> What you should do:
Return the listing below unchanged, except that the pictures are dropped.

** Opening Material provided block **

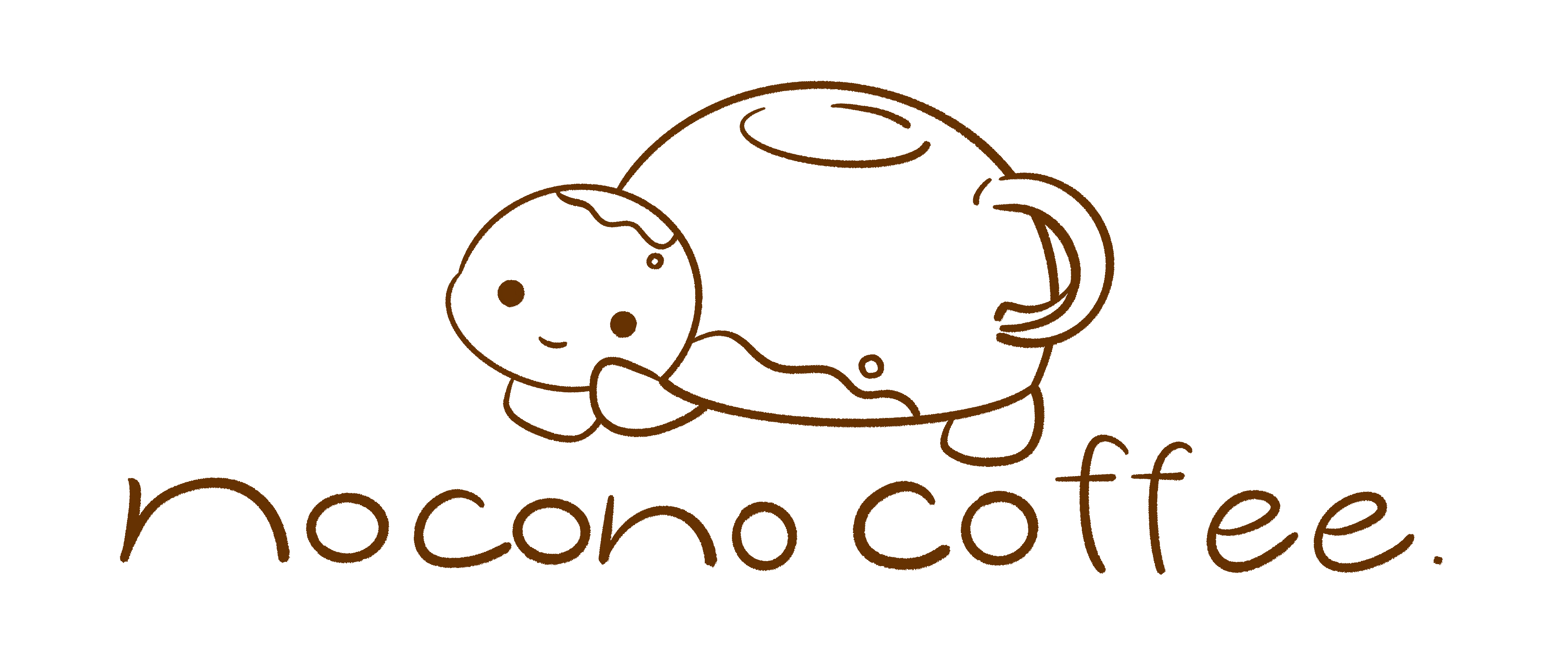 nocono coffee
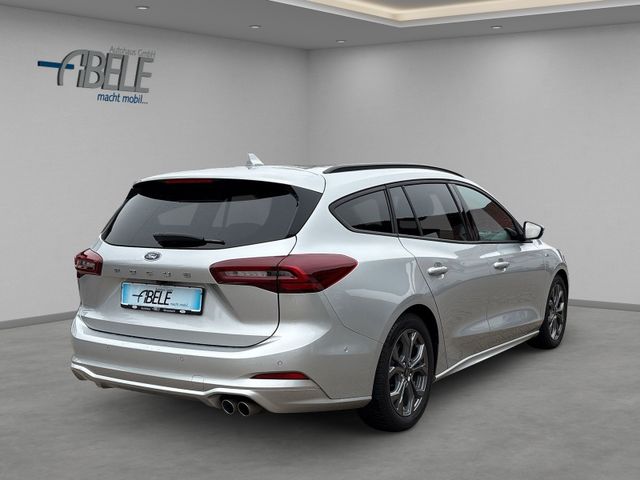 Ford Focus Turnier – Bild 4
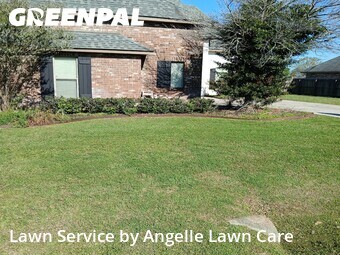 Grass Cutting nearby Lafayette, LA, 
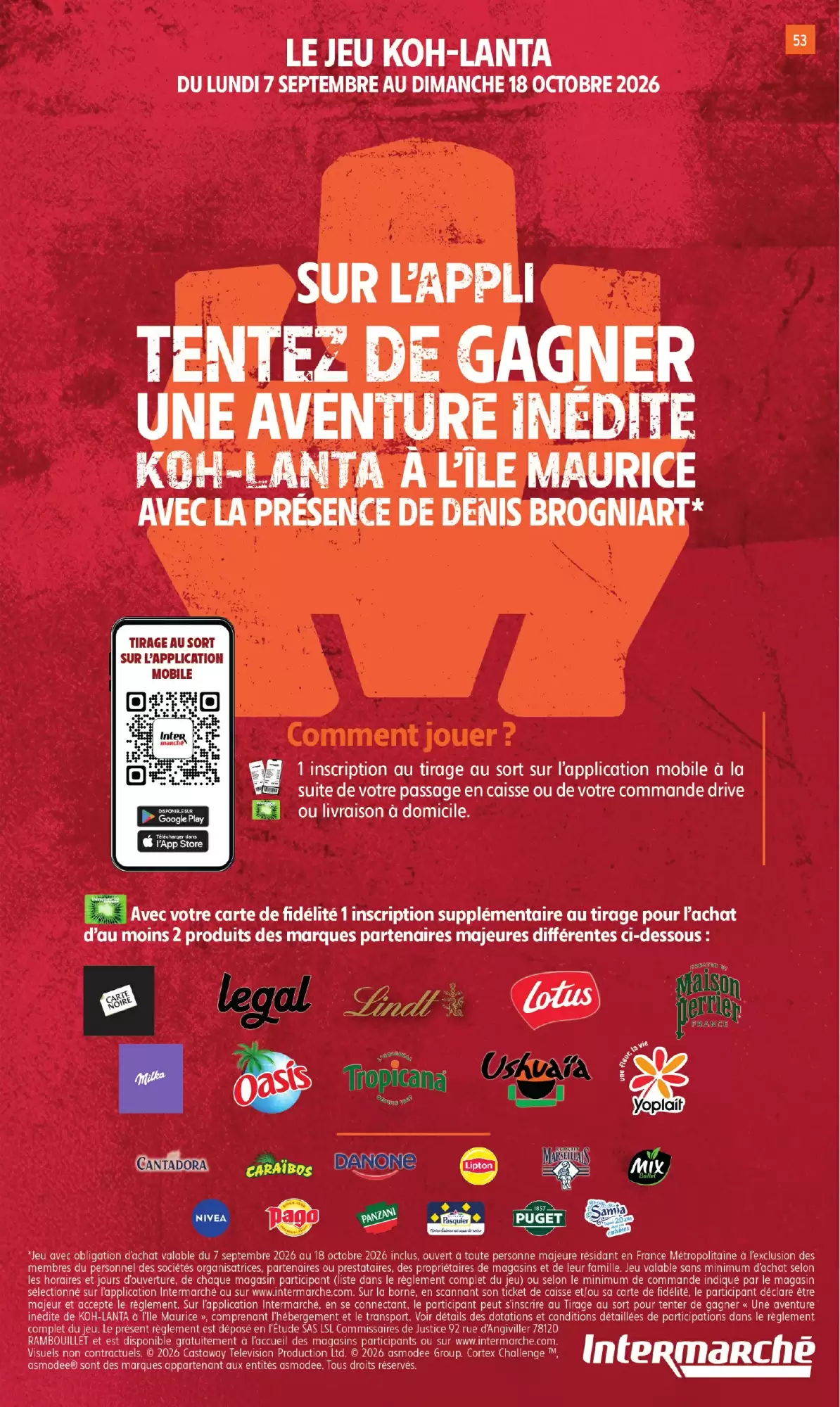 Catalogue Intermarché Black Friday 2026 - Page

** Closing Material provided block **

> Your response:
 nocono coffee
 Ford Focus Turnier – Bild 4
 Grass Cutting nearby Lafayette, LA, 
 Catalogue Intermarché Black Friday 2026 - Page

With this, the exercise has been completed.